The mixer 2 supplies to the pattern generator 4 gas having a chosen amount of oxygen. This may range in steps from about 20 percent oxygen to 100 percent oxygen. The pattern generator may provide for continuous adjustment of the flow rate pattern or it may similarly be able to provide any one of a discrete number of patterns. Similarly the flow rate device may provide for any one of, say, six different flow rates to be provided, spanning the range, say, from 10 to 70 litres per minute, although conceivably this could be adjustable continuously over the same range or any other range considered desirable.

During the inspiratory phase the valve 8 is biassed open, as by a solenoid in device 10 operating both valves 8 and 34, as indicated by the broken line 48. When in the `automatic` mode, the gas passing through the valve 8 flows directly through the sensor 12 and the respective passages in the valve 16.
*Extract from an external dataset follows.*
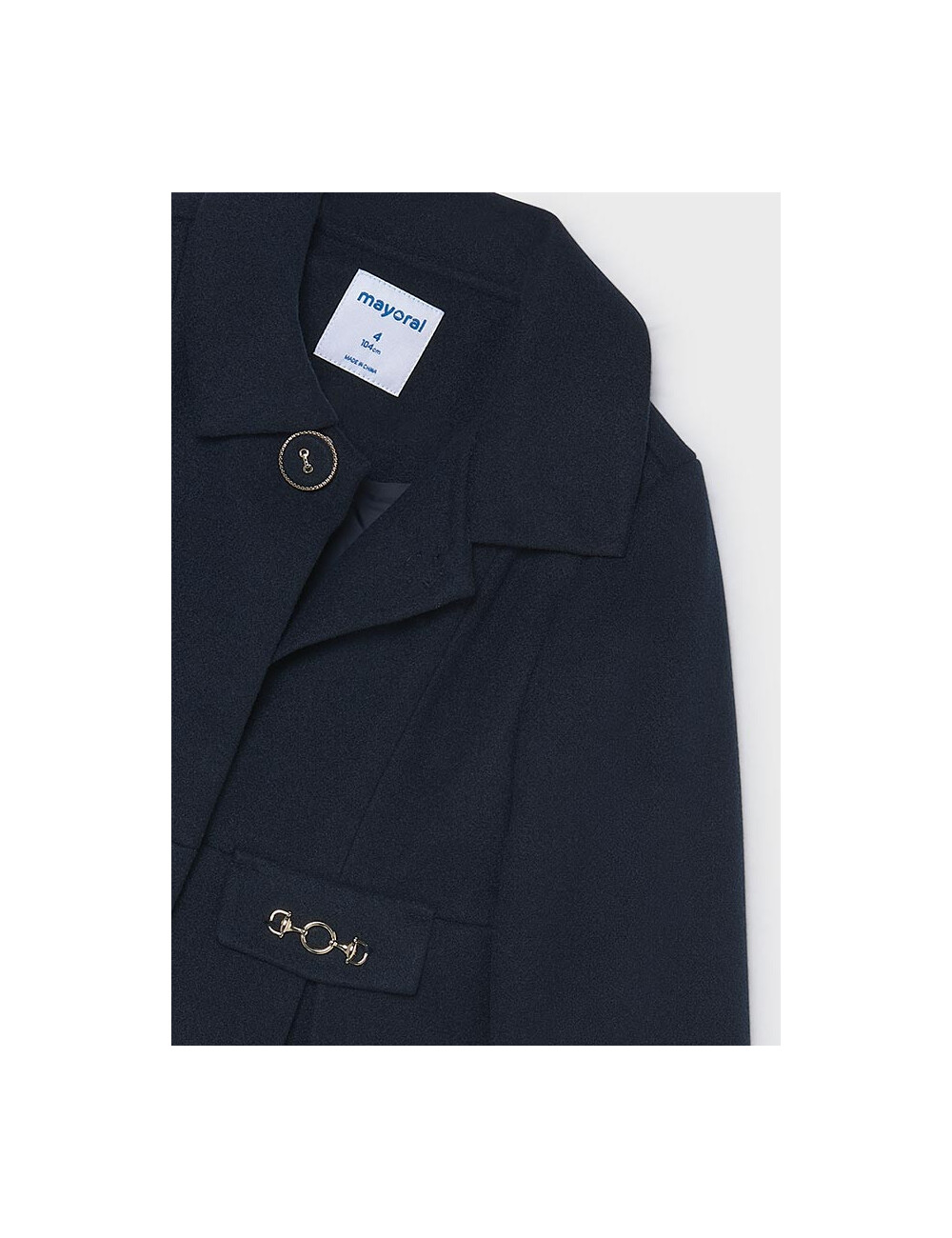 Mayoral Cappotto  Mayoral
During this phase, the valve 28 is biassed closed by the pressure in control line 30, so that no flow passes from the patient through the sensor 26.

When the signals from the integrator 14 indicate that the volume of gas which has passed through the sensor 12 is equal to the desired volume, then the comparator 36 generates a signal to vary the position of the control device 10. This device 10 is then effective to close the valve 8 and simultaneously open the valve 34, so that the pressure of the gas in line 30 decreases and allows the expiratory valve 28 to open to permit the patient to expire. This pressure rise operates switch 39 and starts the expiratory timer 40 to set the length of the expiratory phase of the respiratory cycle. When this preset time has lapsed, the timer 40 supplies a signal to the comparator to reset it. The control device 10 is also reset, causing the expiratory valve to be closed and the inspiratory valve 8 to be opened, so that the next respiratory cycle is started.
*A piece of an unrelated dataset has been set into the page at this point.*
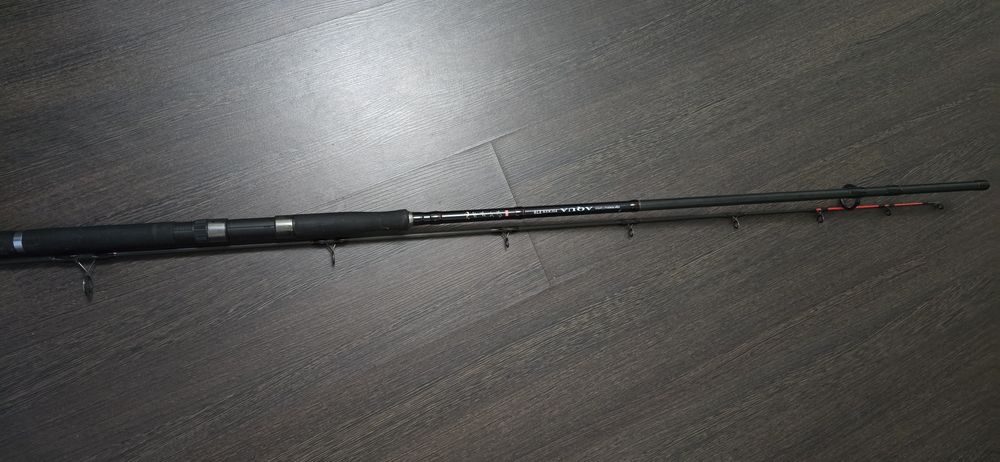 Lansete pentru pescuit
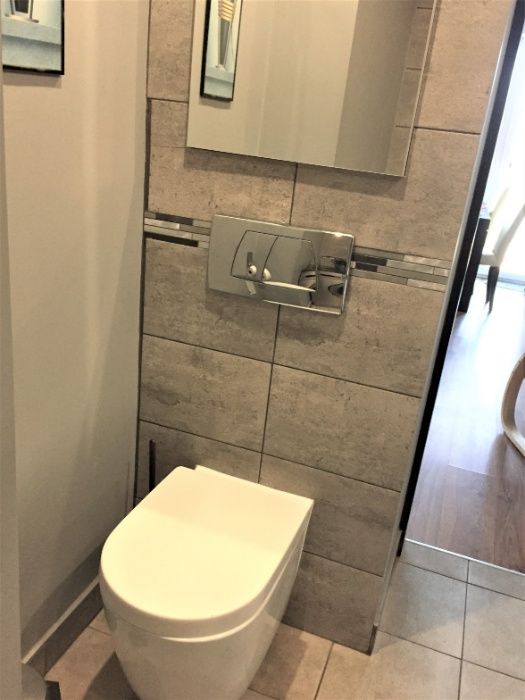 apartament szary do wynajęcia na doby 180pl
It will be appreciated that the essential components of the ventilator which give it the desired and novel degree of flexibility are the sensor 12; the integrator 14 for measuring the volume of gas supplied to the patient; the comparator 36; the volume control 38, and the control device 10 and its associated valve 8 in the airway to the patient.
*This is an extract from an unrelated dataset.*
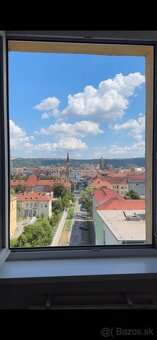 NA PREDAJ 3 IZBOVÝ BYT S LOGGIOU PO NOVEJ REKONŠTRUKCII | ŠK - 5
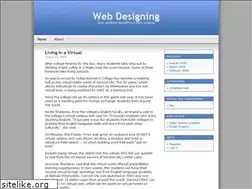 Sites similar to webdesigningservice.wordpress.com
As has been mentioned briefly above, in the event of failure of electrical supplies or pressure of the gas supplied to the ventilator, the valve 16 is arranged to be switched automatically to its `manual ` mode. The device 24 may be a rebreathing bag, or self-filling bellows or equivalent device, by means of which the patient may be inflated manually and allowed to expire naturally, as is well-known.

It is usual in lung ventilators to incorporate a safety valve to control the pressure of gas in the system to ensure that the patient is not over-inflated should part of the ventilator malfunction. The safety valve is not shown in the drawing, for clarity, but it would normally be positioned upstream of the sensor 12 so that any gas passing to the atmosphere through the safety valve would not be registered falsely as gas supplied to the patient.

It will thus be seen that the present invention provides a lung ventilator in which the flow of gas to the patient may be adjusted to have a desired pattern during each inspiratory phase, while the tidal volume can be preset to a chosen amount irrespective of any variations in the flow rate or pattern.

The manner in which many components of the illustrated system are actuated has been shown only by way of example. Thus some of the pneumatically operated or biassed components could be actuated mechanically or electromechanically while still being in accordance with the invention.